(WORK TO COMPLETE) The expected output is every line of the data exactly as shown, minus the images.
[[ DATASET EXCERPT open ]]
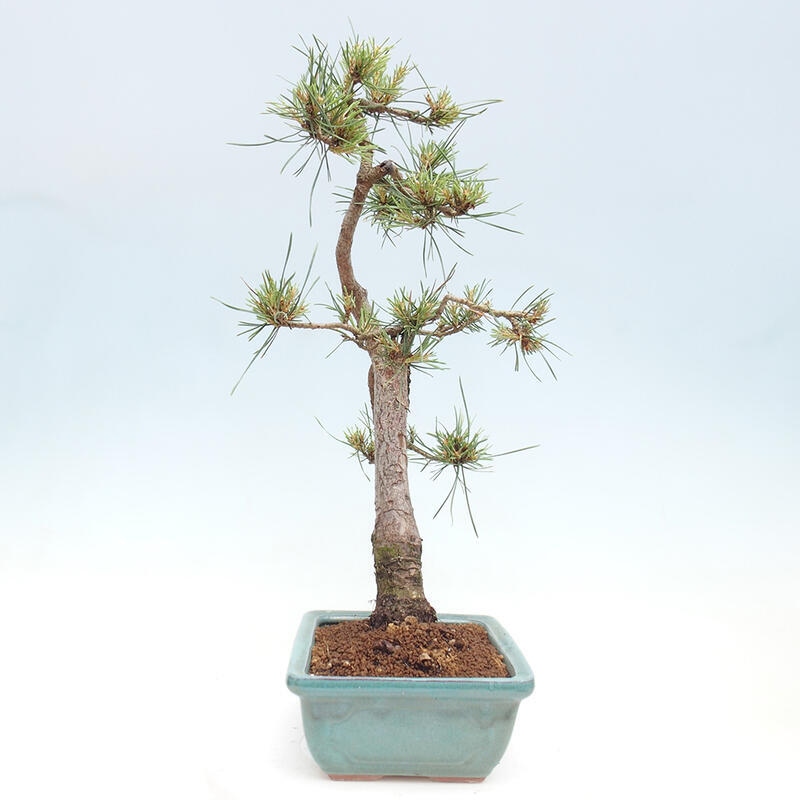 Outdoor bonsai - Pinus Sylvestris - Scots pine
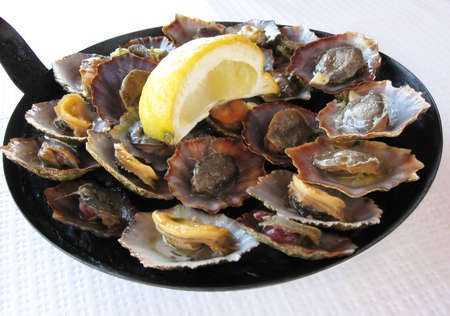 Limpetsの写真素材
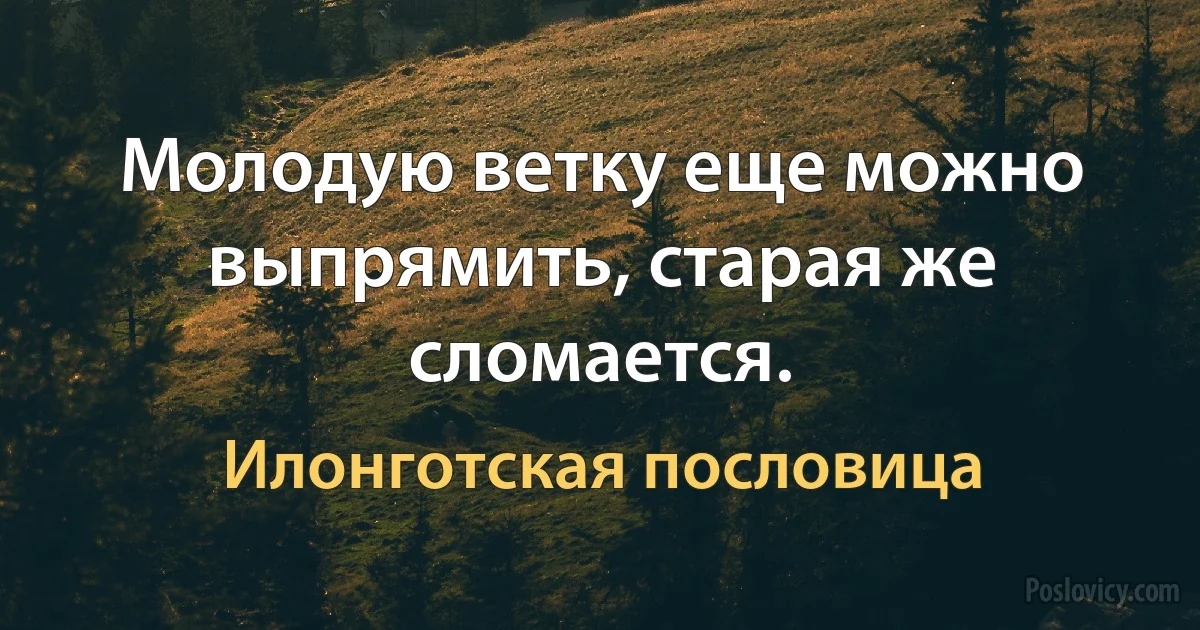 Молодую ветку еще можно выпрямить, старая же сломается. (Илонготская пословица)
[[ DATASET EXCERPT closed ]]
(WRITTEN ANSWER)
 Outdoor bonsai - Pinus Sylvestris - Scots pine
 Limpetsの写真素材
 Молодую ветку еще можно выпрямить, старая же сломается. (Илонготская пословица)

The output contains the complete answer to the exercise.